Yoksa gazetecilik bugün de önemini aynen koruyor ve hatta mecralar genişledikçe yayıncılar için donanımlı gazeteci ve iyi haberin önemi giderek artıyor.

Sonuçta, Viyana kongresi ortaya koydu ki, gazeteler ve gazeteciler her şeye karşın karamsarlığa sürüklenmemeli... Yeter ki, eski alışkanlıkları bırakıp günümüz koşullarına ayak uydurabilmek için hareketlenebilsinler.

Amerika'da, gazeteler için umut verici olan bir espri su günlerde çok moda:

Nükleer bir savaştan sonra, dünya üzerinde üç şey kalacak...

Hamam böcekleri, eskimeyen sarkıcı Cher ve gazeteler!
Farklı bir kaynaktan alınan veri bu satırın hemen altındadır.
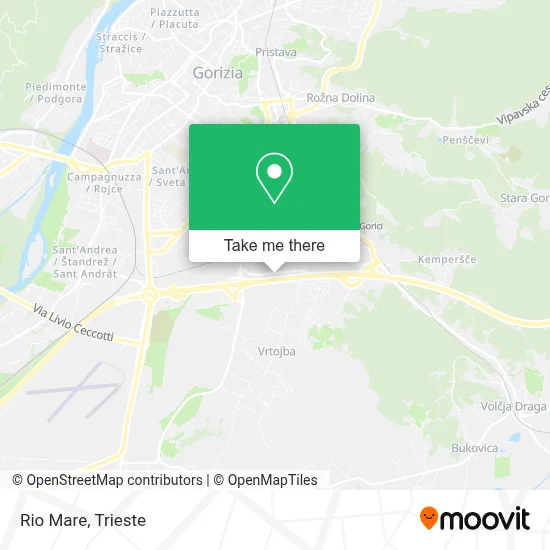 Rio Mare map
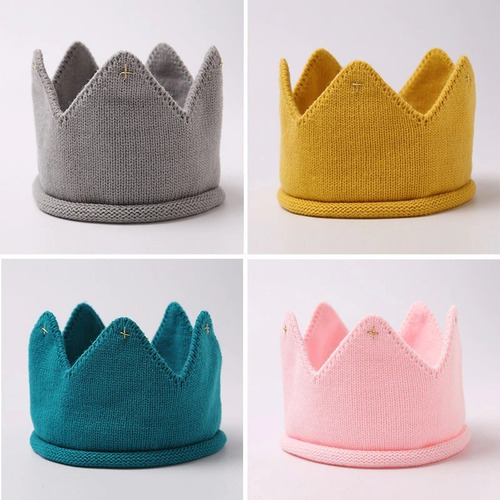 Corona De Lana Para Niños Y Niñas Gorro Cintillo Bebé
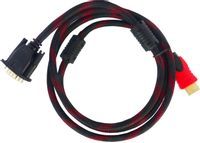 ADAPTER KABEL PRZEWÓD HDMI-VGA D-SUB PRZEJŚCIÓWKA
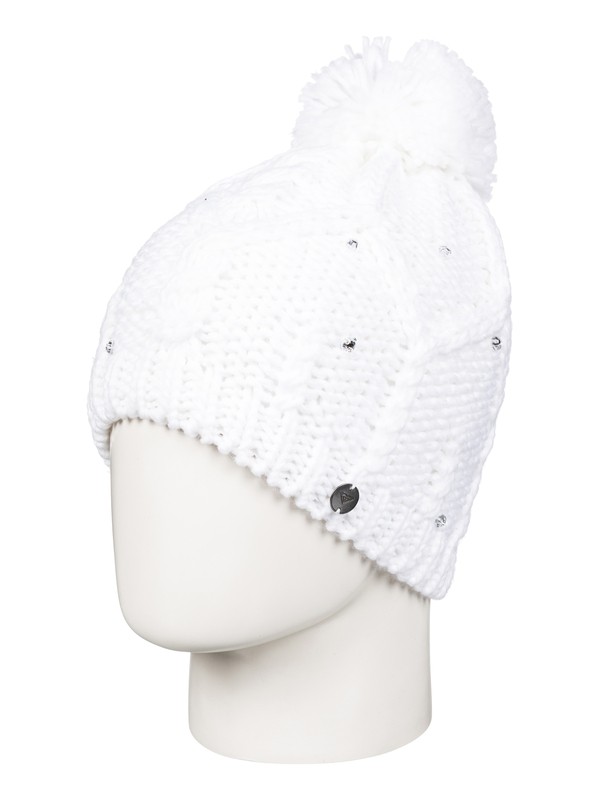 roxy, Shooting Star - Beanie, BRIGHT WHITE (wbb0) 0 Shooting Star - Beanie White ERJHA03291 Roxy
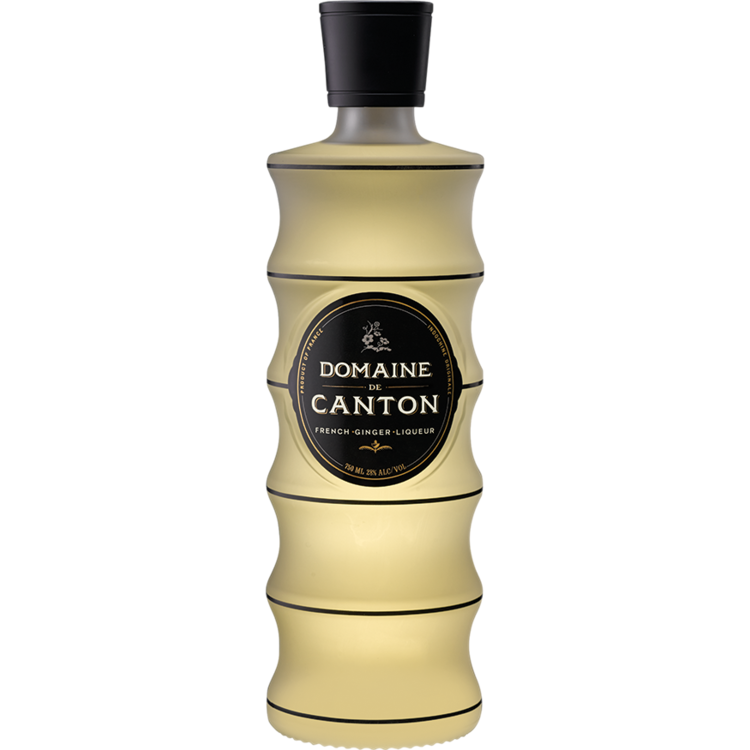 Domaine De Canton Ginger Liqueur with VSOP Cognac bottle, 1L size.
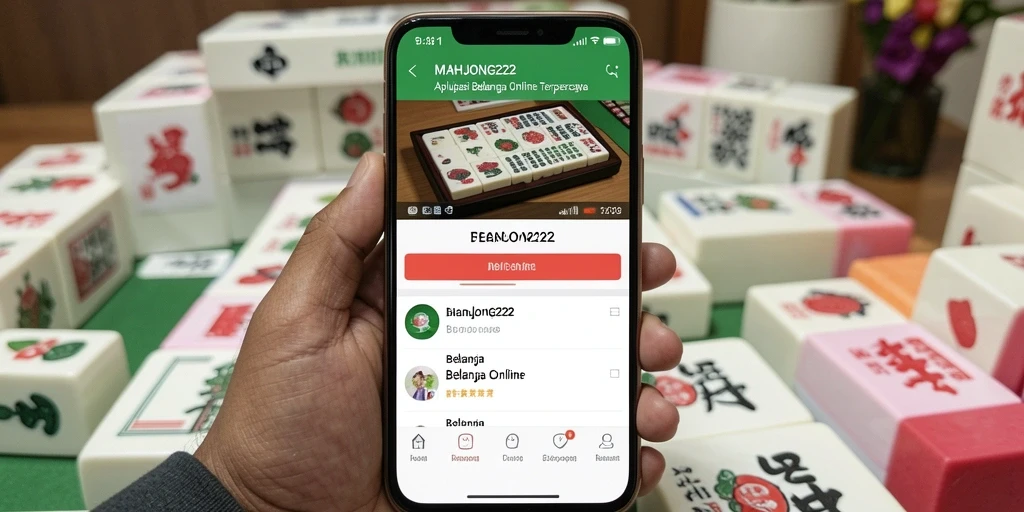 Tampilan utama MAHJONG222 dengan berbagai produk belanja online.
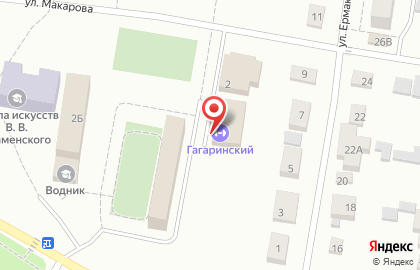 Спортивный центр Гагаринский на карте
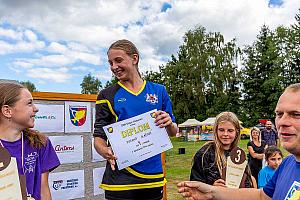 Závody TFA mladých hasičů, Dolní Třebonín 6. 9. 2025, foto: Lubor Mrázek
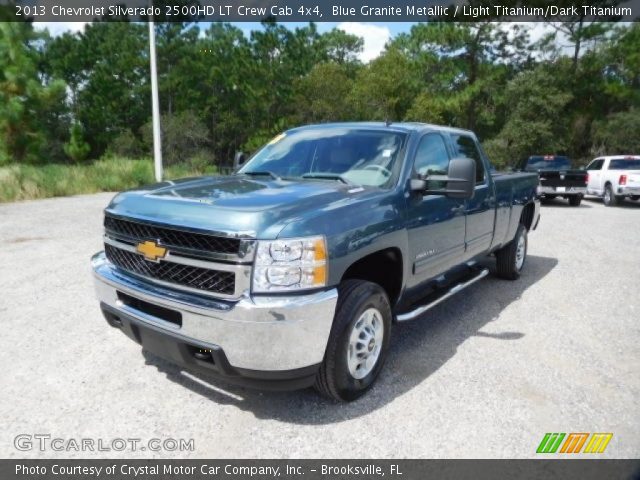 2013 Chevrolet Silverado 2500HD LT Crew Cab 4x4 in Blue Granite Metallic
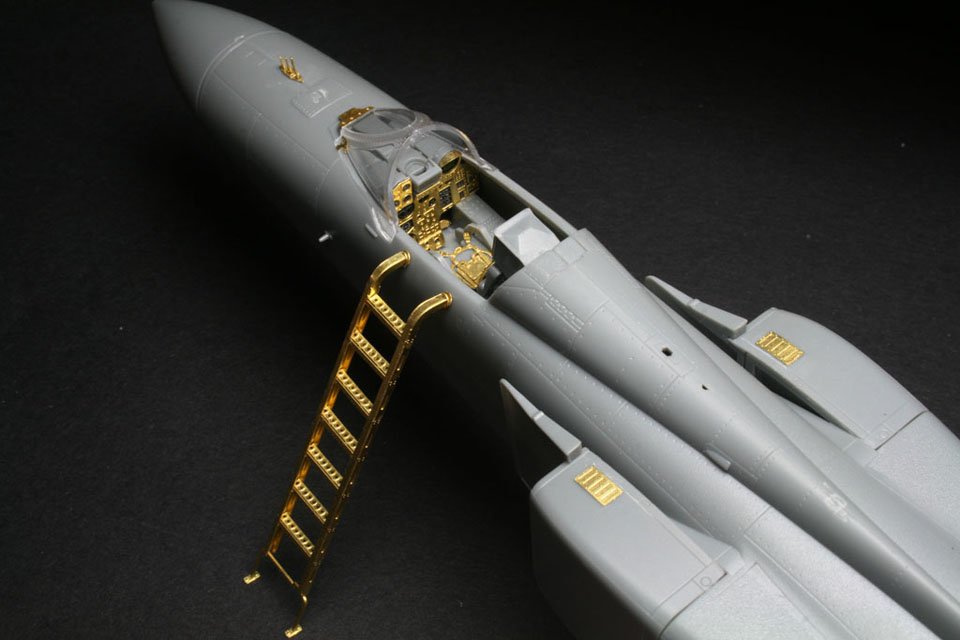 1/48 J-8II 歼-8长须鲸战斗机改造蚀刻片(配小号手)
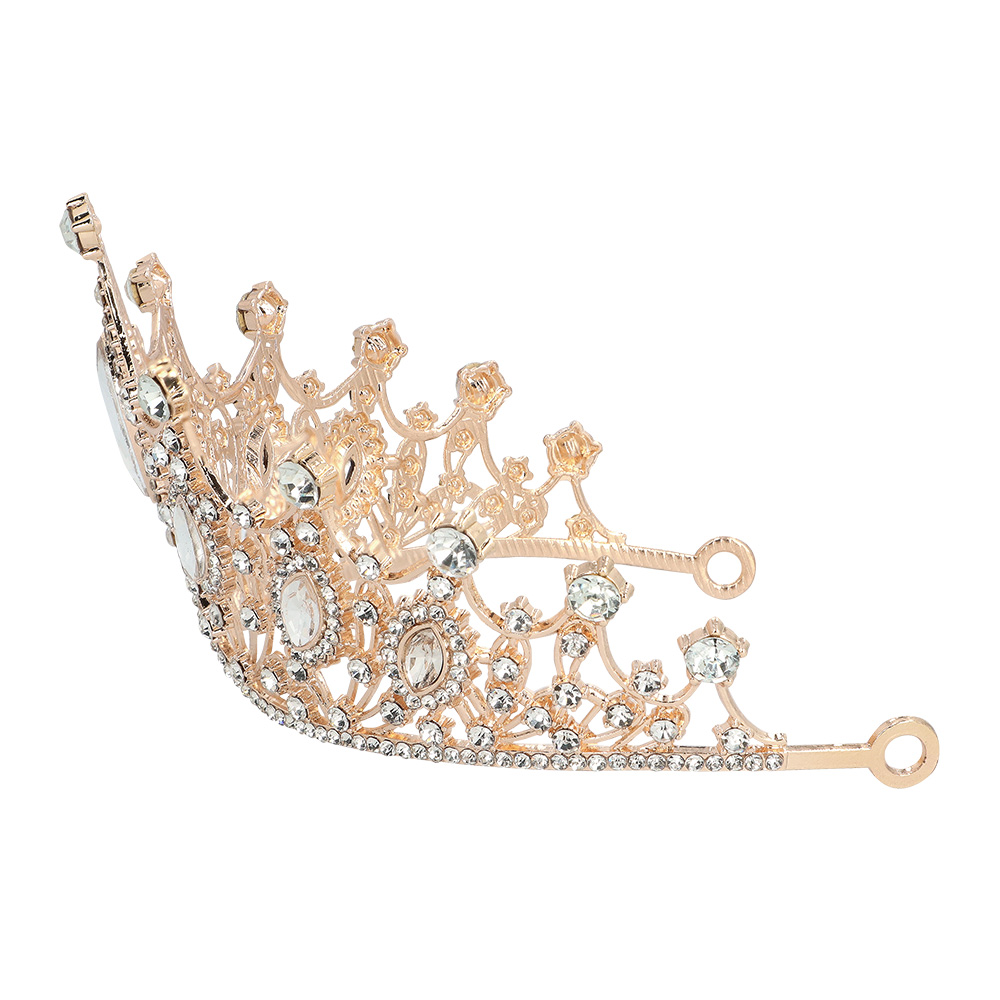 Metalen tiara Royal lady roségoud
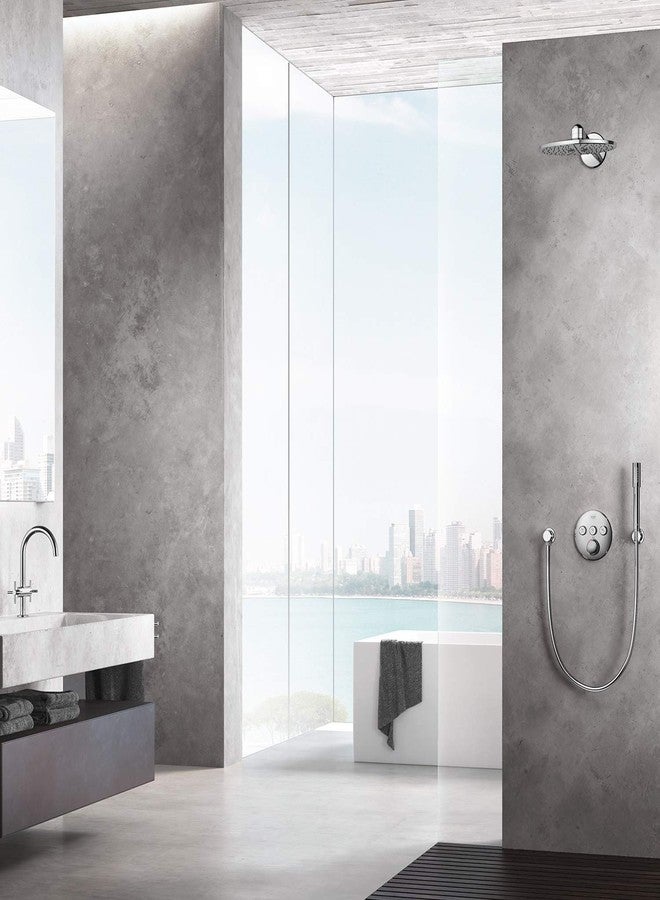 Grohe جروهي 26465000 سينا ستك دش يدوي 1.75 جالون في الدقيقة، كروم - Image 4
Tablet, yatağı daha çok seviyor!

Amerika'da yapılan son bir araştırmaya göre, kullanıcıların yüzde 51'i yatakta veya televizyon karşısında, genellikle saat 19:00 ile 23:00 arasında tabletlerini ellerine alıyor. Bu da, bilgisayarlardan farklı bir kullanma tarzının ortaya çıktığını gösteriyor.

Tabletler, basılı gazete, televizyon, kitap ve online'ın rollerini birleştiriyor.

Tabletlerin gazeteye benzememesi gerektiğine dikkat çekiliyor; çok daha canlı, renkli, enteresan ve hareketli olmalılar.

Basılı bir gazetenin tasarımında öz ve beyin ön planda tutuluyor. Tabletlerde ek olarak parmak işlevini de hesaba katmak gerekiyor.

Ünlü CEO Craig Dubow niçin kovuldu?

Amerika'nın en yüksek tirajlı gazetesi "USA Today"in de sahibi olan Gannett grubunda, Amerika'nın değişik şehirlerinde yayınlanan 81 gazete bulunuyor. Grubun 6 yeldir CEO'luğunu üstlenmiş olan Craig Dubow, bir süre önce istifa etmek zorunda kaldı.

Dubow, tasarruf ve hissedarlara daha çok temettü dağıtmak gerekçesiyle Gannett grubunun personel sayesini 52 binden 32 bine indirerek, gazeteciliği ikinci plana attı. Bu da onu çöküşe götürdü. Gazetecileri kovunca tüketicilerin ne istediklerini anlamaktan aciz kaldığı için, amaçladığının tersine, koskoca grubun hisseleri iyice düştü.

Craig Dubow'un yerine yardımcısı Bayan Gracia Martore atandı. Oysa o da Craig ile birlikte yapılan gazeteci operasyonlarının imarlarındandı. Bakalım bu kez geçmişteki hatalarını düzeltme yoluna gidebilecek mi?

Gannett olayı ve Los Angeles Times ile Chicago Tribune gibi kuruluşlarda yaşanan benzeri gazeteci kıyımlarının gazeteleri batma noktasına sürükleyen sonuçları, gazetecilerin önemini bir kere daha çok net bir şekilde ortaya koydu.